I.- Le mal qui ronge la cité

J'ai appris de la présentation par Wajdi Mouawad au Festival de Beiteddine 2014 de la pièce Antigone, de Sophocle (495-406 av. J.-C.), bien plus sur le droit et la justice que par mes études, mes lectures et mes travaux juridiques. J'ai appris surtout pour notre temps où le légalisme étouffe le sens et les fondements du droit.
Le grand avantage et même supériorité de l'expression littéraire, théâtrale, picturale, musicale, artistique en général est qu'elle cherche à embrasser la totalité, à la différence de toute spécialisation cloisonnée et de l'expression écrite qui se sert de mots par essence incapables d'englober tout le sens d'une réalité.
La dénonciation de la loi (lex), formelle et mortifère, la résistance contre la loi instrumentalisée, moyen d'oppression, couverture à la tyrannie, et l'aspiration profonde à la justice (jus) sont au cœur de la réflexion juridique d'aujourd'hui. D'où le titre fort suggestif, avec un retour à l'Esprit des lois de Montesquieu, de Dominique Schnapper sur L'esprit démocratique des lois (Paris, Gallimard, 2014). On dénonce aussi aujourd'hui le Droit sans la justice (collectif, Bruyland et LGDJ, 2004).
L'inflation juridique, l'invasion des lois dans tous les domaines de la vie, la judiciarisation du droit, les sabotages institutionnels et abus de minorité au Liban avec des justifications apparemment juridiques... sont autant de faits auxquels des facultés de droit au Liban et dans le monde doivent désormais réfléchir. Face à une avalanche d'argumentation formelle, j'ai dû rappeler que le Palais de justice au Liban est un palais de justice (Kasr al-'adl) et non de la loi.
«Le mal qui ronge la Cité» de façon manifestement brutale au temps de Sophocle continue aujourd'hui à ravager le Liban avec un légalisme qui a toutes les apparences de la bonne foi et de la rigueur dans un monde techniquement avancé, mais qui va vers sa brutalisation (Josepha Laroche, La brutalisation du monde, Paris, Liber, 2012).
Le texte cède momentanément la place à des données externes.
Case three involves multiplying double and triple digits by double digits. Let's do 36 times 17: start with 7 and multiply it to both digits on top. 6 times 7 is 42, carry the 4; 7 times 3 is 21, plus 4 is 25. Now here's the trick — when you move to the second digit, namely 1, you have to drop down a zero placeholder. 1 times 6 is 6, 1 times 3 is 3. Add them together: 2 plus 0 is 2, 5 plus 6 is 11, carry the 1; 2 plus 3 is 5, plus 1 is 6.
Sophocle a, dans un monde qui n'avait pas les acquis de tout un cheminement démocratique, saisi toute la fonction du droit, et non de la loi, celle de garantir la justice, la liberté et l'ordre à concilier avec la liberté. Il s'agit d'assurer l'ordre certes et de combattre «l'anarchie», hantise nécessaire mais injuste de Créon. Non pas l'ordre de gens qui «ferment la bouche», avec «l'obéissance» bestiale, de gens qui ne se mêlent pas de politique, mais de gens «entêtés et stupides», «sans moyens» peut-être selon Créon, mais libérés de la «servitude volontaire», comme l'appelle Étienne de la Boetie, et dont la hantise n'est pas «l'appât du gain» ou se «tirer d'affaire ».
L'appât du gain, «se tirer
d'affaire », transformer le droit en art de «ratiociner» et acrobaties légalistes sont des pratiques devenues quotidiennes propagées par une information spectacle. L'injustice aujourd'hui prend de nouveaux visages apparemment civilisés et qui ruinent l'esprit public, l'État, la concorde nationale.
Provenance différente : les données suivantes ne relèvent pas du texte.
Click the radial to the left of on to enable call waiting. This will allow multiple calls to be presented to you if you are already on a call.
C'est fini! Plus d'enseignement dans des facultés de loi, mais des facultés de droit, c'est-à-dire de justice. Le fondement de la loi, c'est le droit. «Pour entrer dans le droit, il faut sortir de la loi», selon un adage connu, la loi autrefois si oppressive et aujourd'hui fort instrumentalisée. Et le fondement du droit, c'est la justice. Pas seulement la justice institutionnelle, mais l'esprit de justice.
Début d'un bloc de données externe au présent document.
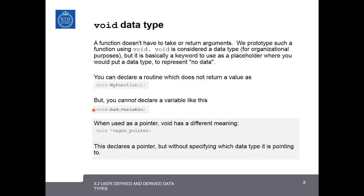When you declare a pointer as void, void has a different meaning. This means that a pointer is declared to a place in memory, but it doesn't specify its data type. You can do this later on.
Wajdi Mouawad insiste, dans une interview avec Zena Zalzal, sur «le respect des morts, quel que soit celui qui meurt... Je trouve aussi intéressant de voir comment le public libanais qui a encore évidemment en mémoire les stigmates de la guerre civile sera amené à entendre cette pièce où la cité, après une guerre fratricide, pose la question de la justice» (L'Orient-Le Jour, 5/8/2014).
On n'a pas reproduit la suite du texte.